============
Data formats
============

.. contents:: Table of Contents
   :local:

TSV
===

Nextstrain strongly prefers using TSV files for metadata even though Augur commands support other delimiters as inputs.
If you are using other formats, we recommend using :doc:`augur curate passthru  <augur:usage/cli/curate/passthru>` to convert them to TSV.

Nextstrain tools and workflows produce `RFC 4180 CSV-like TSVs <https://datatracker.ietf.org/doc/html/rfc4180>`__.

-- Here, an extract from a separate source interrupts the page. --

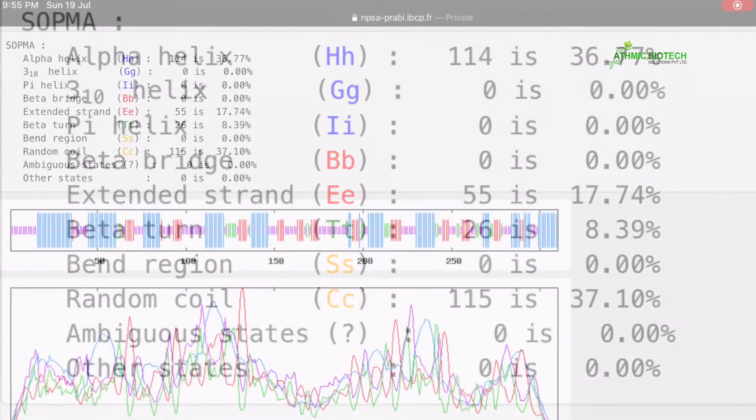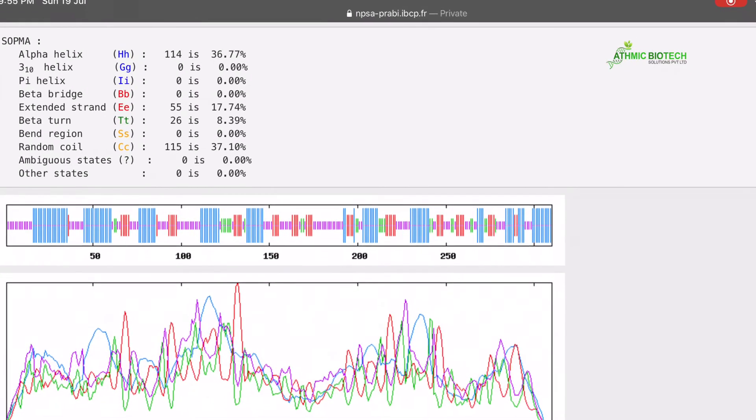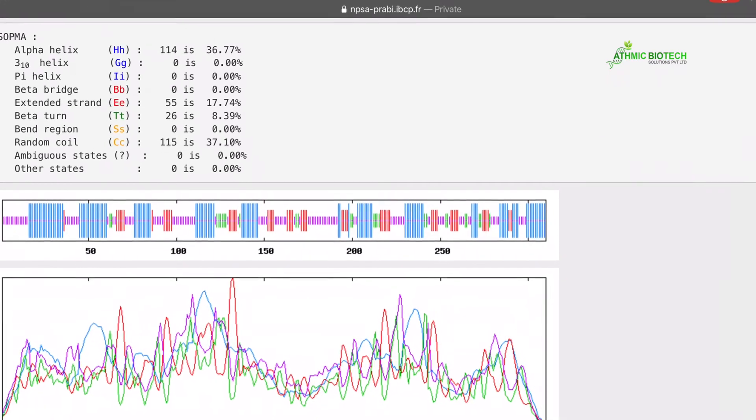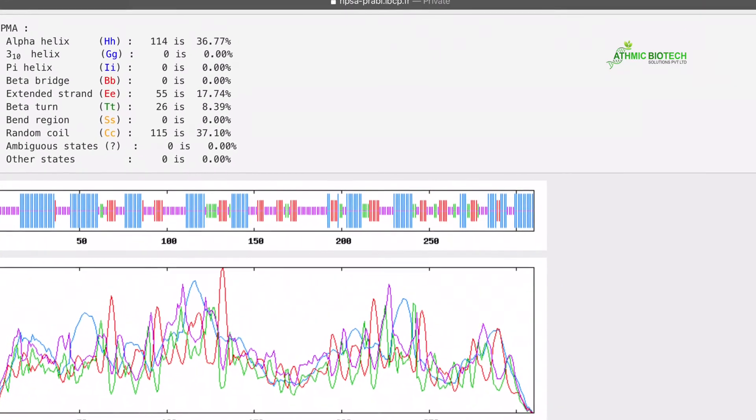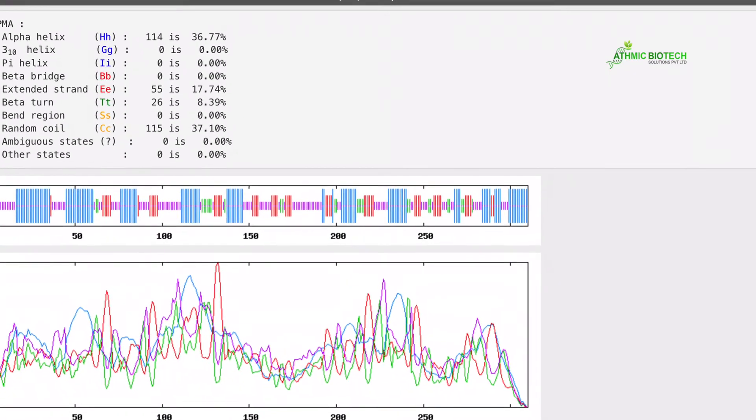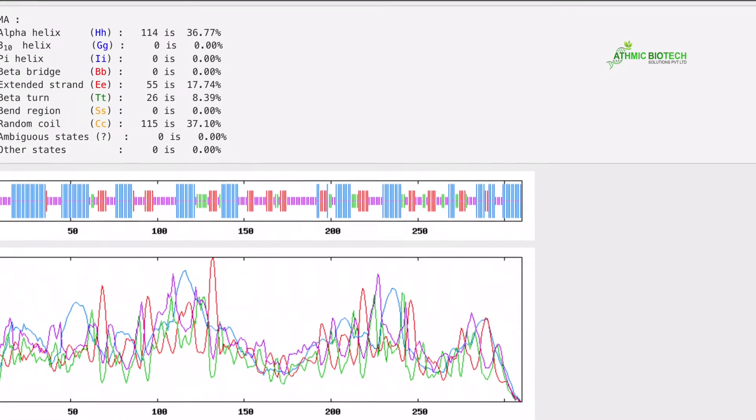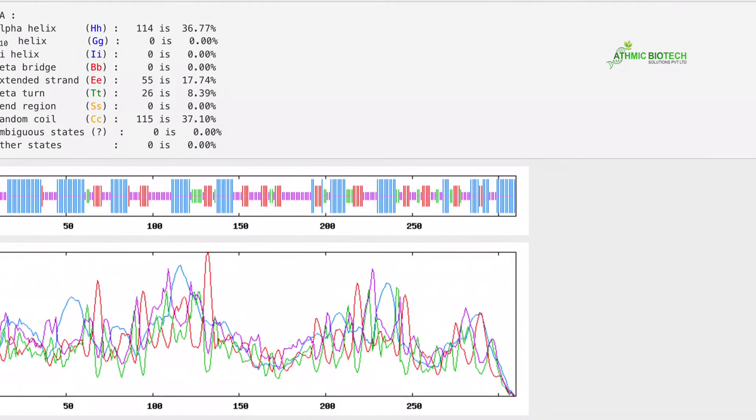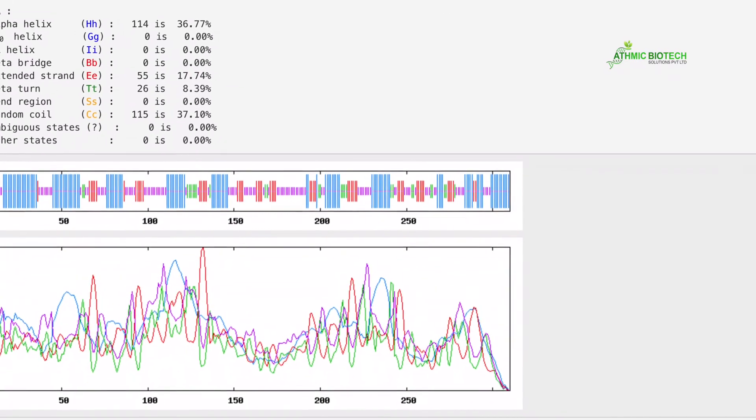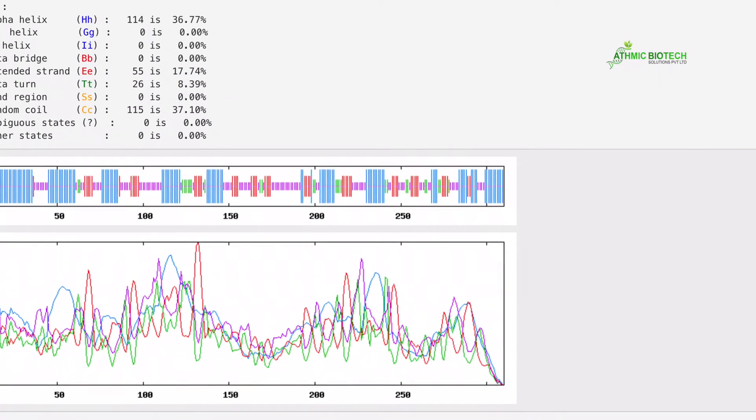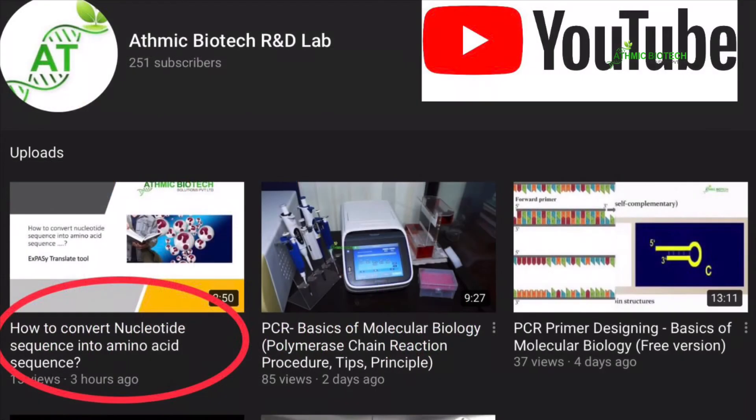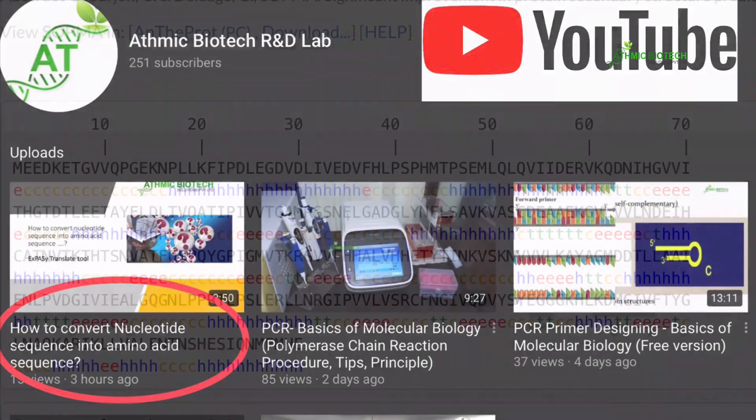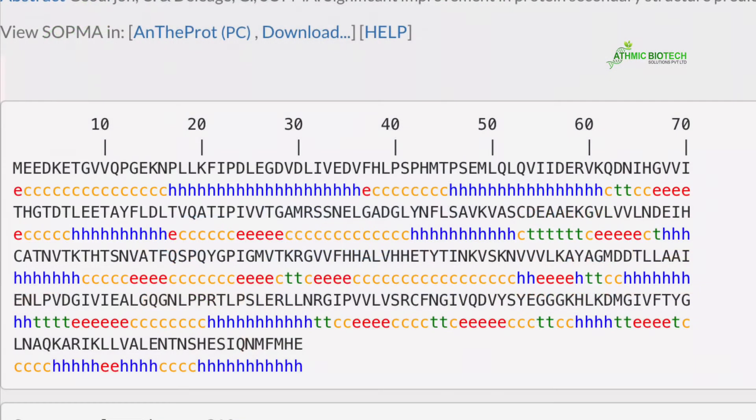So these are online tools. If you go to the encoding sequence, you can translate it into amino acid. Then you have predicted its secondary structure. These are all online tools which are free.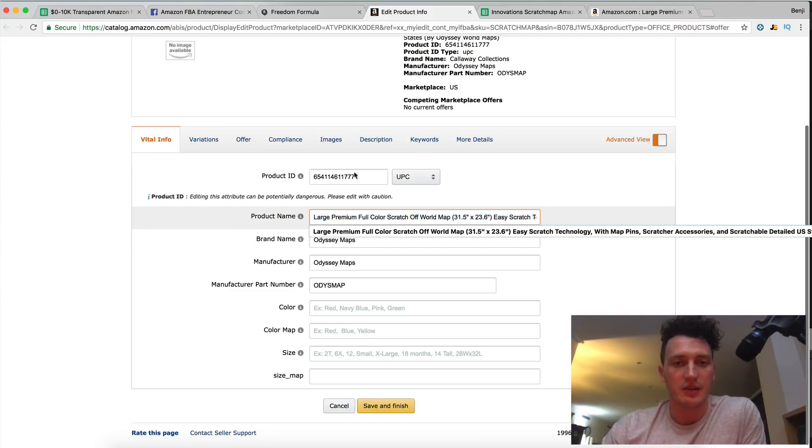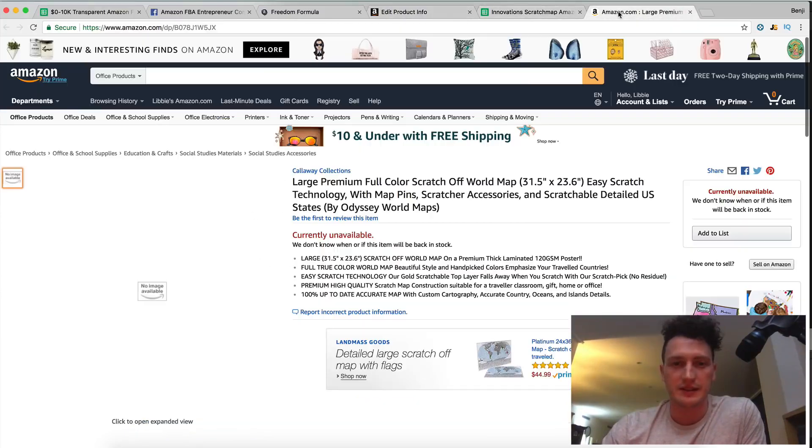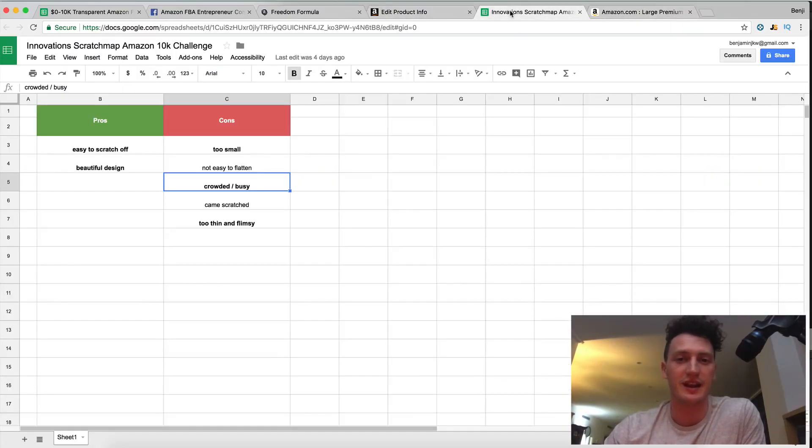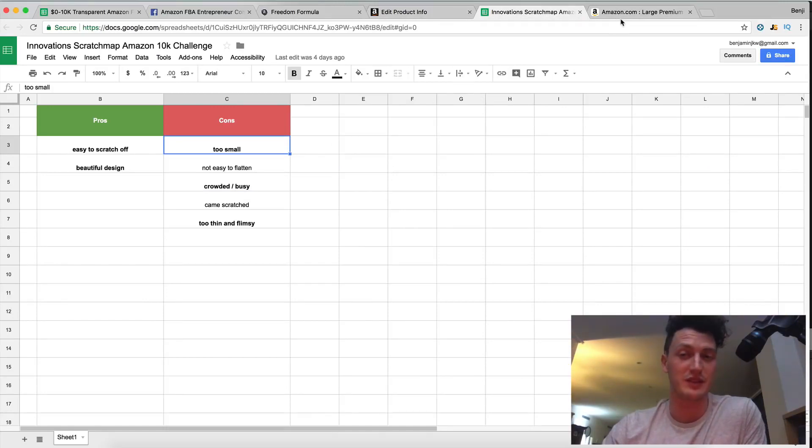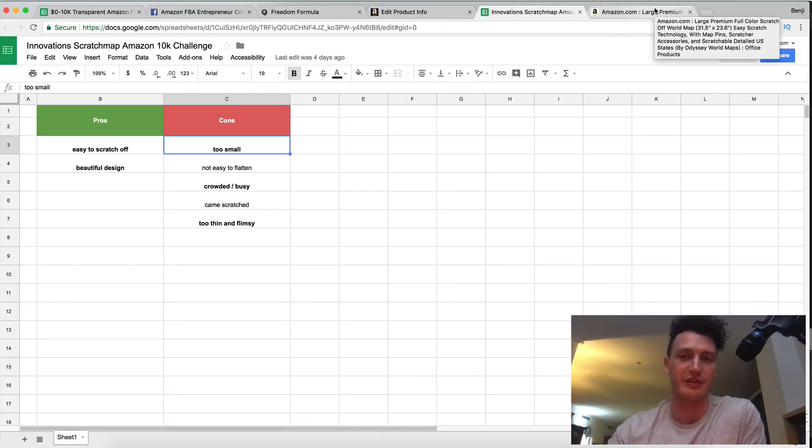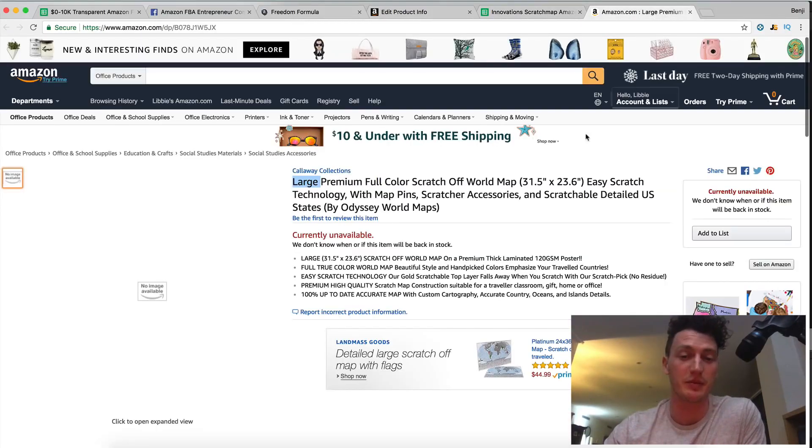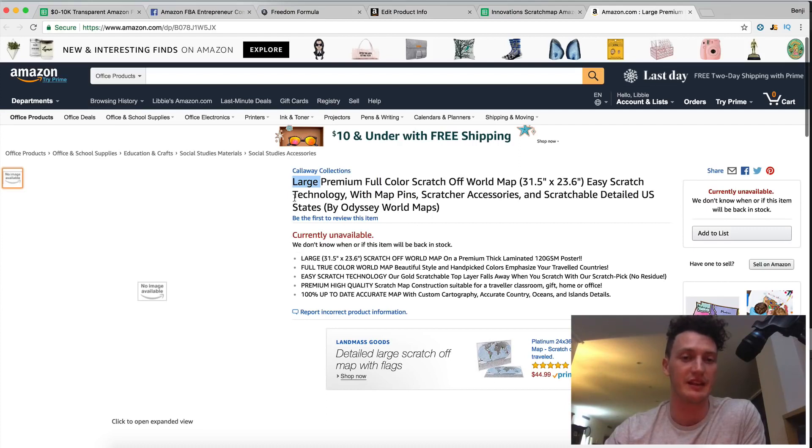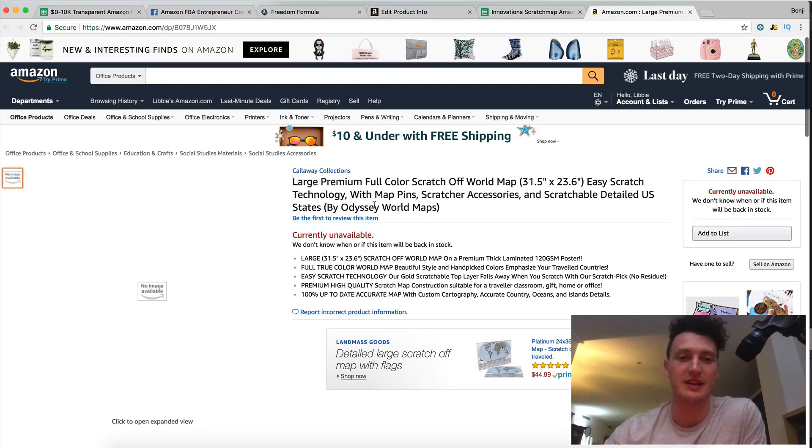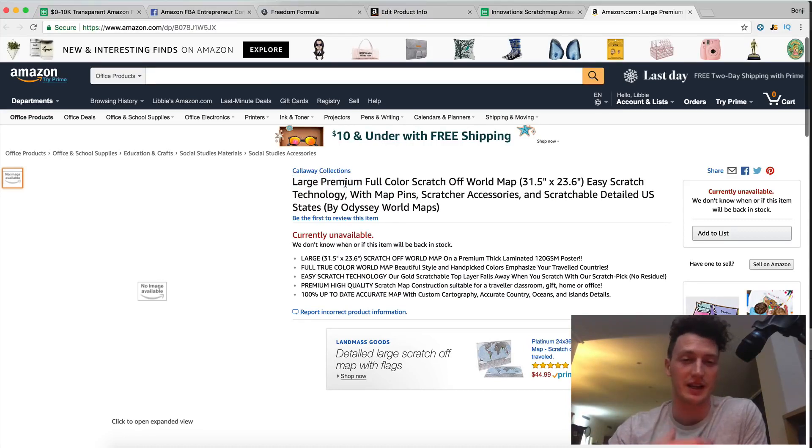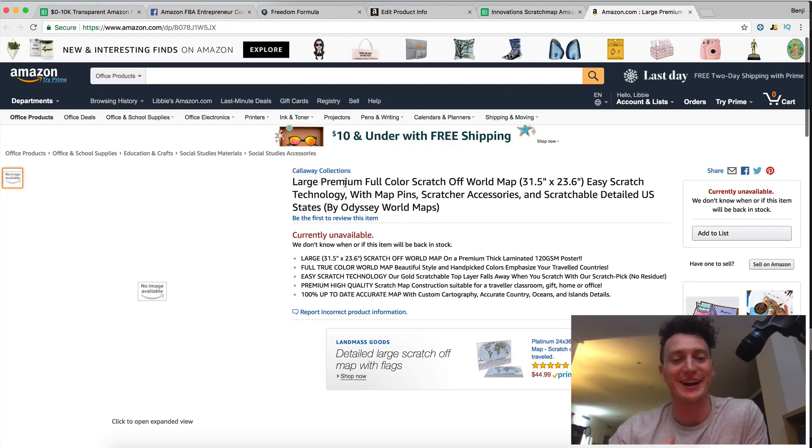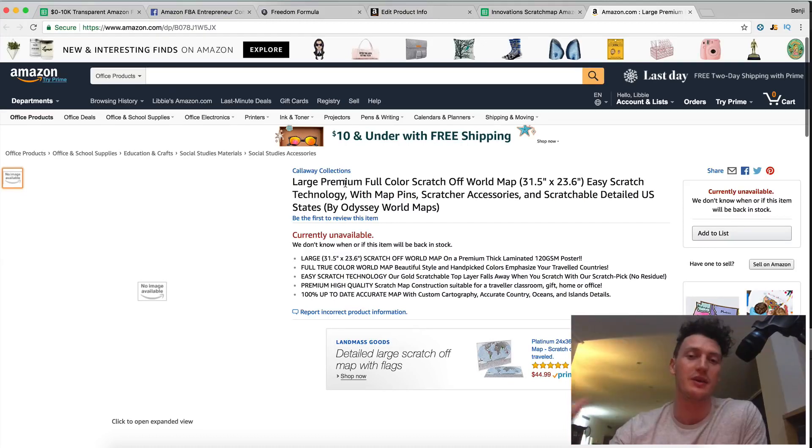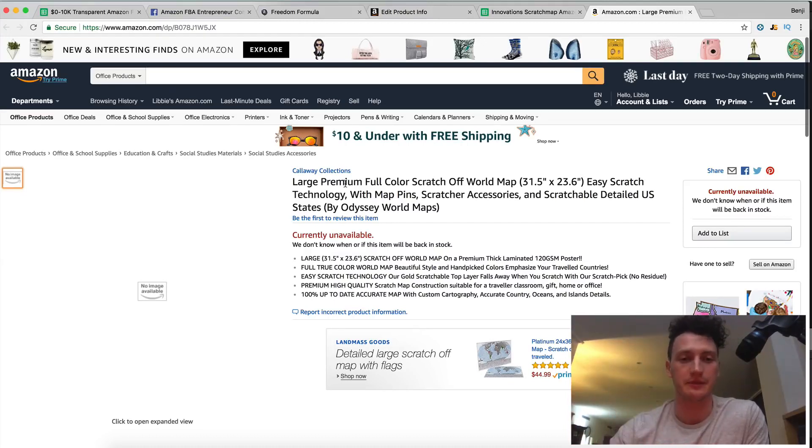So the title I've went with is large. Remember that's the very first selling proposition. That's our unique selling proposition. Our number one front runner that people have been wanting and people have been writing in their reviews of other products. Premium because we always want to be premium. We want to be high quality. We're making sure when we source our products that they are high quality because we can charge more for them. We get better reviews and people like them more.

When using `csvtk <https://bioinf.shenwei.me/csvtk/>`__

* the ``--lazy`` (``-l``) option should not be necessary
* the ``fix-quotes``/``del-quotes`` commands should not be necessary

When using `tsv-utils <https://opensource.ebay.com/tsv-utils/>`__

* pass the inputs through ``csv2tsv --csv-delim $'\t'``
* pass the final ``tsv-util`` outputs through ``csvtk fix-quotes --tabs``

.. code-block:: bash

  csv2tsv --csv-delim $'\t' metadata.tsv \
    | tsv-select -H -f strain,date \
    | tsv-uniq -H -f strain \
    | csvtk fix-quotes --tabs > output.tsv

If you are writing Python scripts that process TSV files, we recommend using the
`csv module <https://docs.python.org/3/library/csv.html>`__ for file I/O.

.. note::

  Be sure to follow `csv module's recommendation <https://docs.python.org/3/library/csv.html#id4>`__
  to open files with ``newline=''``.

Reading a TSV file:

.. code-block:: Python

  with open(input_file, 'r', newline='') as handle:
    reader = csv.reader(handle, delimiter='\t')
    for row in reader:
      ...

Writing a TSV file:

.. code-block:: Python

  with open(output_file, 'w', newline='') as output_handle:
    tsv_writer = csv.writer(output_handle, delimiter='\t')
    tsv_writer.writerow(header)
    for record in records:
      tsv_writer.writerow(record)


See our internal `discussion on TSV standardization <https://github.com/nextstrain/augur/issues/1566>`__ for more details.

.. _data-formats-json:

JSON
====

Nextstrain uses a few different kinds of `JSON
<https://en.wikipedia.org/wiki/JSON>`__ files at various stages in a typical
build.

The primary JSON files used by Nextstrain are those consumed by Auspice to
display a dataset.  Without these **dataset files**, Auspice has nothing to
display.  These files are typically the final output of a build and produced by
the Augur command :doc:`augur export <augur:usage/cli/export>`.  They come in
two versions:

v2
  Newer format, with a filename of your choosing like ``${name}.json``.  This
  is often referred to as the **"main" file**.

v1
  Original format, with filenames like ``${name}_tree.json`` and
  ``${name}_meta.json``, often referred to as the **"tree" and "meta" files**.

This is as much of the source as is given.